Introduction: This study aimed to identify the potential genetic defects underlying familial clustering of lens dislocation in two unrelated Turkish families, consistent with the clinical features of isolated ectopia lentis (IEL). The investigation seeks to determine whether the detected findings overlap with those observed in other syndromic conditions that present with lens dislocation. Additionally, a focused review of IEL within the scientific literature was conducted to contextualize the molecular and phenotypic spectrum associated with lens abnormalities. The results of this study are expected to contribute to a deeper understanding of the molecular basis of IEL and to enhance diagnostic precision, genetic counseling, and clinical management strategies for affected individuals.
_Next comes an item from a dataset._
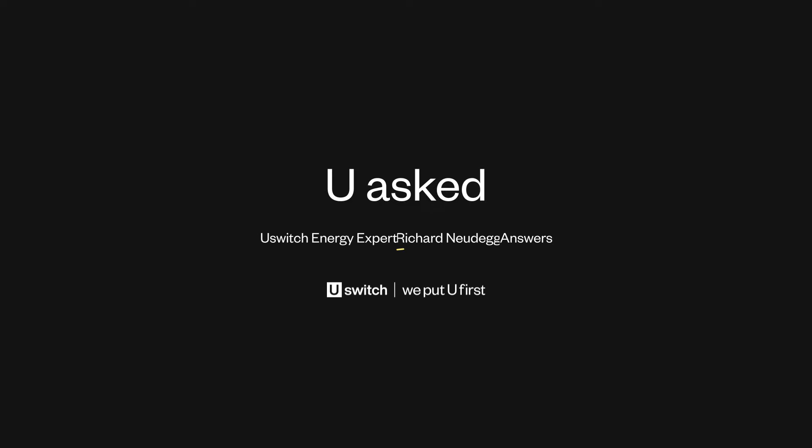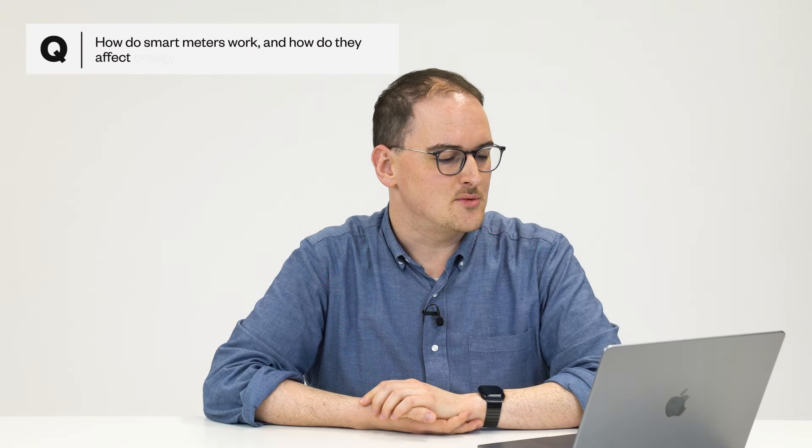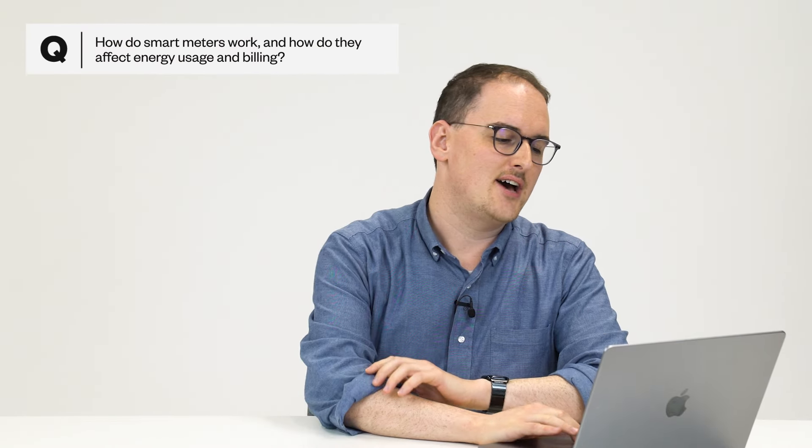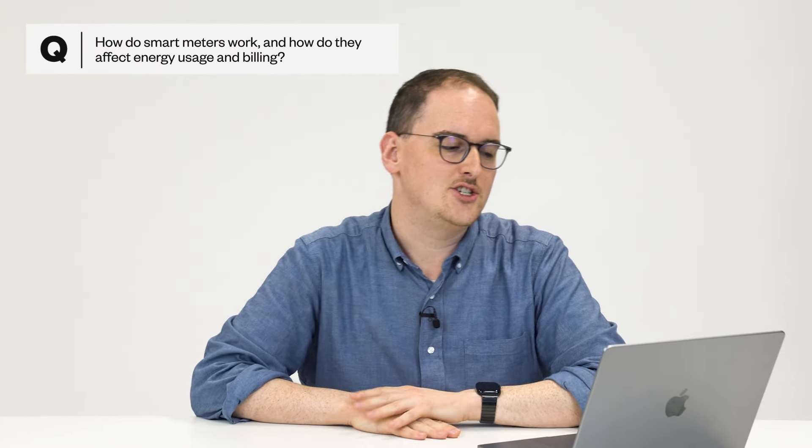Hi, I'm Richard, one of the experts at U-Switch, and here are some of the energy questions that you asked. You have asked, how do smart meters work and how do they affect energy usage and billing?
Case Presentation and Conclusion: Comprehensive family histories and clinical evaluations revealed lens dislocation and associated ocular manifestations without systemic abnormalities or extraocular features suggestive of connective tissue disorders. Whole-exome sequencing (WES) in affected individuals identified two heterozygous FBN1 missense variants. The first variant, ENST00000316623.5:c.2920C>T, which has been previously reported in the literature, is located in the TB5 domain and was identified in ten affected members of Family 1. The second variant, ENST00000316623.5:c.7018T>C, located within the TB9 domain, was identified in a single affected individual from Family 2 and is reported here for the first time in association with isolated ectopia lentis. Segregation analysis demonstrated that both variants co-segregated with the ectopia lentis phenotype and were completely absent in unaffected family members as well as in WES data from 200 ophthalmologically normal in-house controls. Besides, our study focused review of the literature on FBN1-associated IEL revealed that approximately 66.7% of reported variants involve missense substitutions affecting cysteine residues. Our study further reinforces this pattern by identifying two rare FBN1 missense variants that co-segregate with the phenotype, thereby expanding the known mutational spectrum of IEL. These findings also underscore the phenotypic heterogeneity of IEL, as reflected by the variable age of onset among affected individuals, and emphasize the critical role of domain-specific cysteine-altering mutations in the pathogenesis of isolated ectopia lentis.